Il percorso espositivo permanente, articolato in sette sezioni tematiche, mette in mostra oltre 300 opere esplicative della storia della diocesi di Taranto, tra cui una discreta quantità di manufatti scultorei chiaramente riferibili ad ambiti culturali di grande interesse, una ricca documentazione pittorica, che testimonia le grandi scuole meridionali, tra cui “Il sogno di San Giuseppe” di Corrado Giaquinto, pregiati paramenti sacri, numerosi sportelli di tabernacolo, tra cui quello dal valore inestimabile in oro zecchino e topazio inciso che fu commissionato dal re Ferdinando II e che giunse a Taranto grazie a una generosa donazione di una importante famiglia tarantina, oltre a una svariata quantità di suppellettile liturgica. Di notevole valore sono, inoltre, gli argenti e gli ori provenienti prevalentemente dal cosiddetto Tesoro di San Cataldo, tra cui l’antica crocetta aurea rinvenuta, secondo le più antiche fonti agiografiche, sul petto del santo nel 1071 al momento del ritrovamento del corpo all’interno del sarcofago marmoreo.
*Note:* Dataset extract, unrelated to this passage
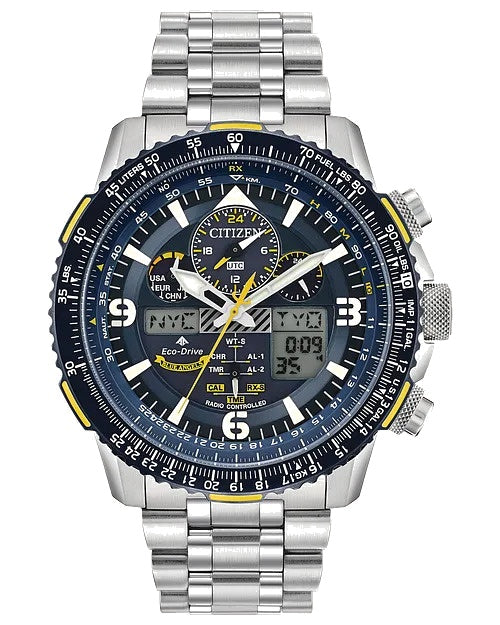 Citizen Promaster Skyhawk A-T 45mm Eco-Drive Stainless Steel Watch 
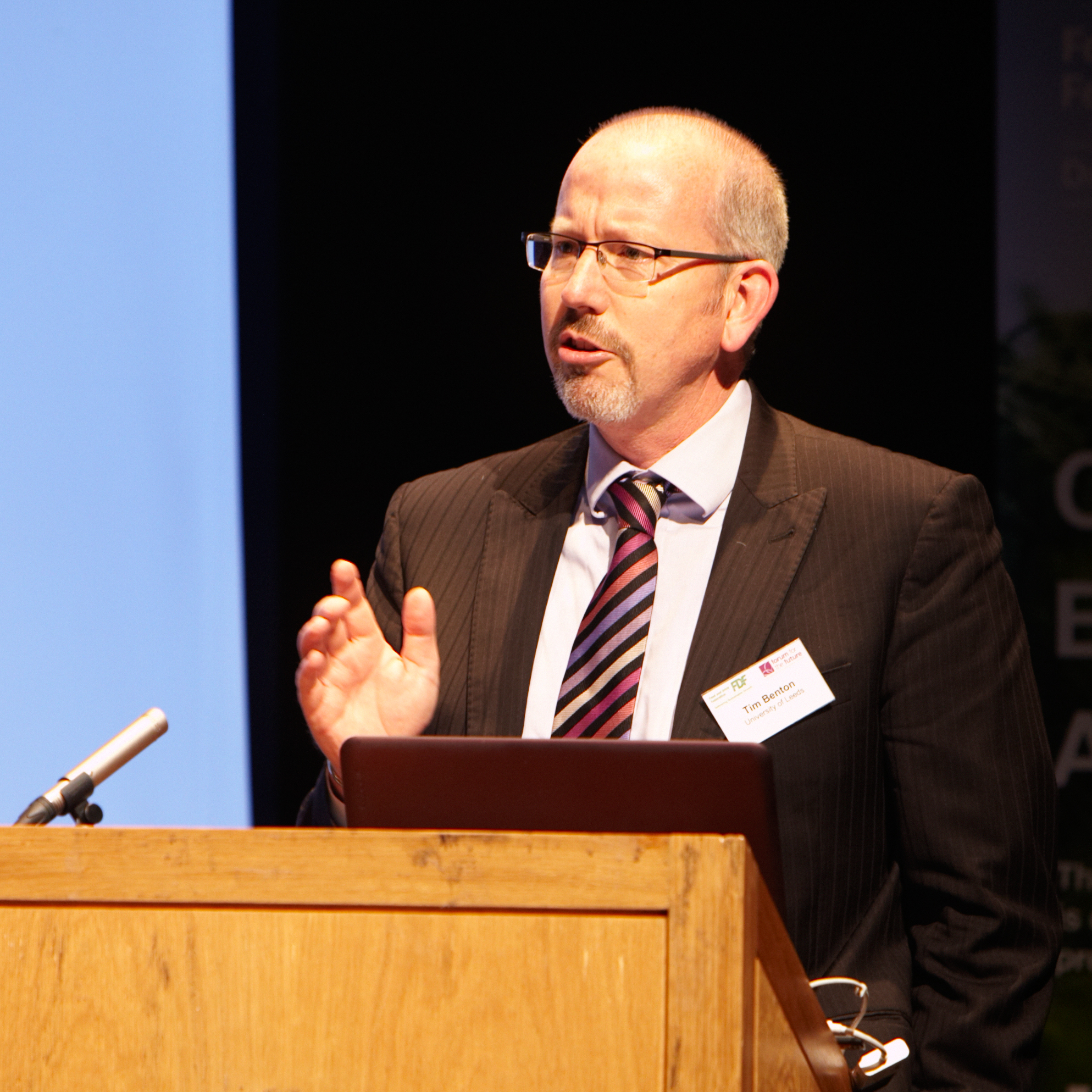 Professor Tim Benton speaking at an event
Nell’ottica della sua funzione di promozione culturale sul territorio, nel suoi primi venti mesi di apertura il Museo Diocesano ha ospitato importanti manifestazioni locali, tra cui l’inaugurazione e la relativa mostra del“Festival Paisiello 2011”, la rassegna fotografica “Fotoarte 2012”, in occasione della quale le due sale per mostre temporanee sono state accuratamente allestite per esporre le opere del maestro Ferdinando Scianna e dell’emergente fotografo grottagliese Carlos Solito e tre serate del “Festival Paisiello 2012”.
L’attuale gestione del Museo, a cura di “Custodes Artis s.c.a.r.l.” composta da sei giovani qualificatie supervisionata dal Direttore don Francesco Simone, si pone come obiettivo quello di consentire una maggiore fruizione della struttura e dare notevole impulso alle attività offerte, al fine di rendere il MuDi un riferimento culturale attivo sul territorio.